In a statement, Seair Seaplanes said it has suspended all flights, adding that it is “devastated” by the fatal accident.
“Right now, our focus is on working with first responders and authorities to provide whatever support is needed,” said the statement.
On its website, Seair says the Cessna 208 Caravan is the “flagship aircraft” of its fleet, allowing transport of nine passengers for 482 kilometres or four passengers for 1,609 kilometres, non-stop.
Seair, incorporated in 1980 with a single Cessna 185 for charters, now offers scheduled routes between Richmond, the Gulf Islands, Nanaimo and downtown Vancouver. The company is based at Vancouver Airport, the seaplane base at the downtown Vancouver Convention Centre and on the Nanaimo waterfront.
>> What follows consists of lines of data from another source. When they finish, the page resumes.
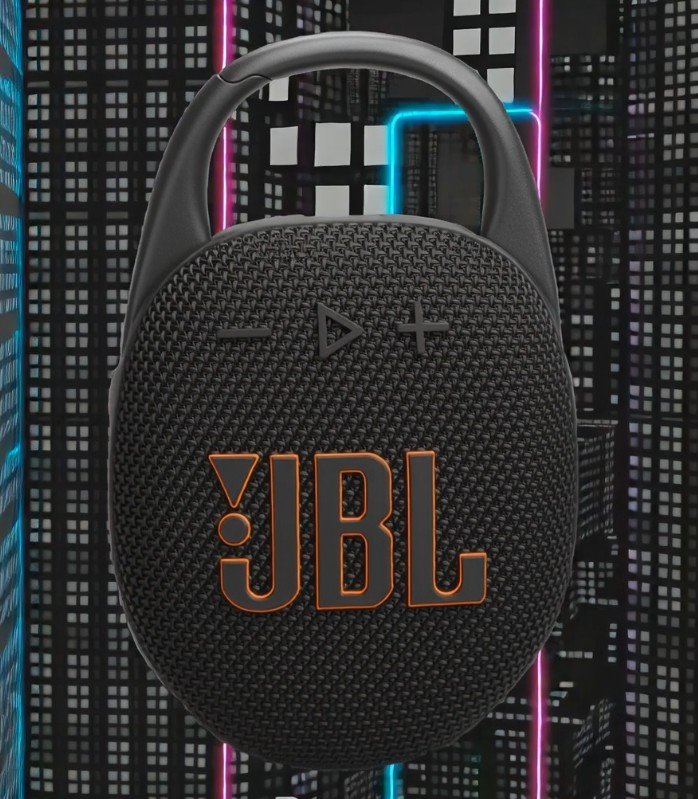 портативна акустика JBL Clip 5 Black з карабіном у вертикальному положенні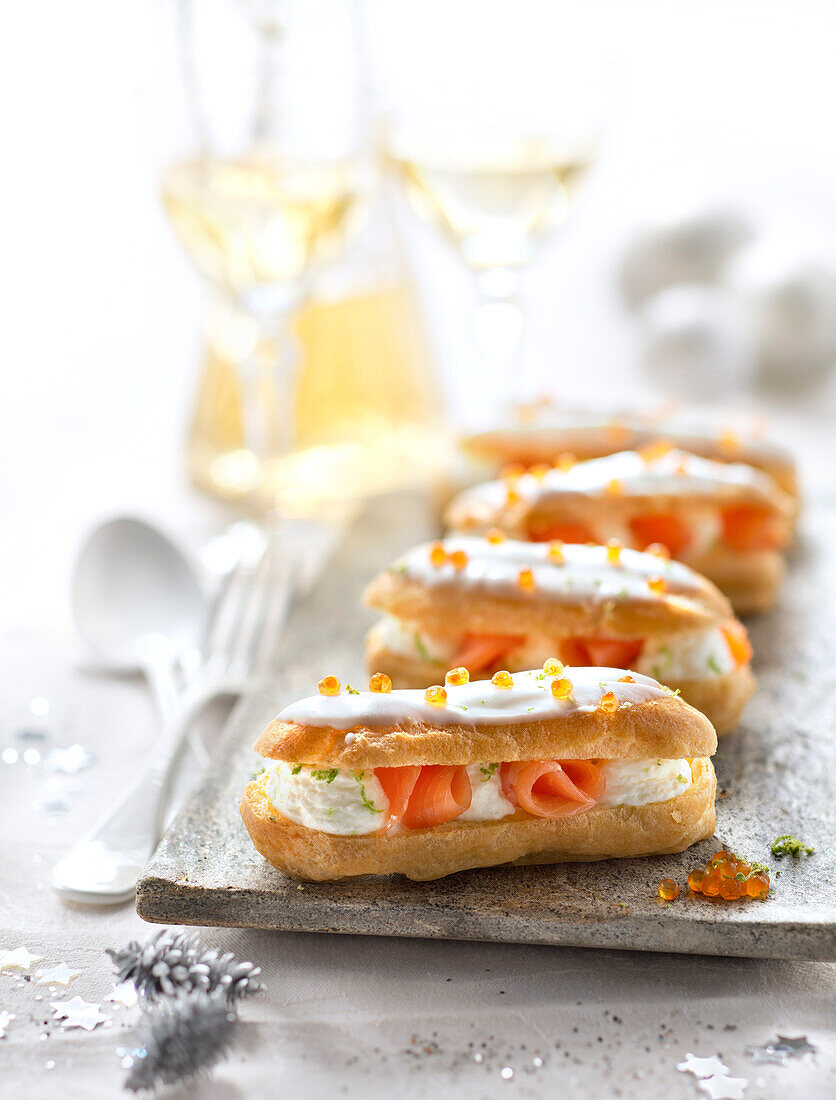 Eclairs with smoked salmon and lime cream (Christmas)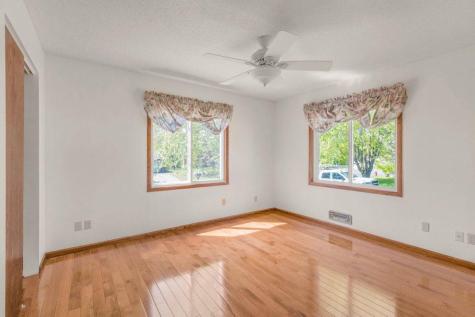1375 Balsam Street E Eagan MN 55123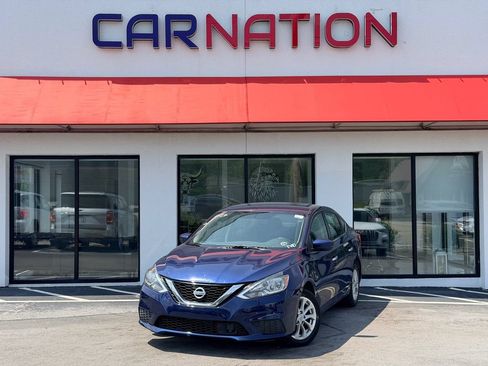 Used 2019 Nissan Sentra SV FWD image 2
The company also has a charter service.
In November, 2009, a Seair de Havilland DHC-2 Beaver was the subject of a crash that killed six people.
In that incident, the aircraft had been departing Saturna Island for Vancouver International Airport when it lost control, veered left and crashed into the water, according to an in investigation report by the Transportation Safety Board (TSB). The pilot and one passenger survived with serious injuries, while the remaining six drowned inside the aircraft.
Chris Krepski with the TSB said late Friday that the board is aware of the Addenbroke crash and is in the process of gathering information to determine next steps.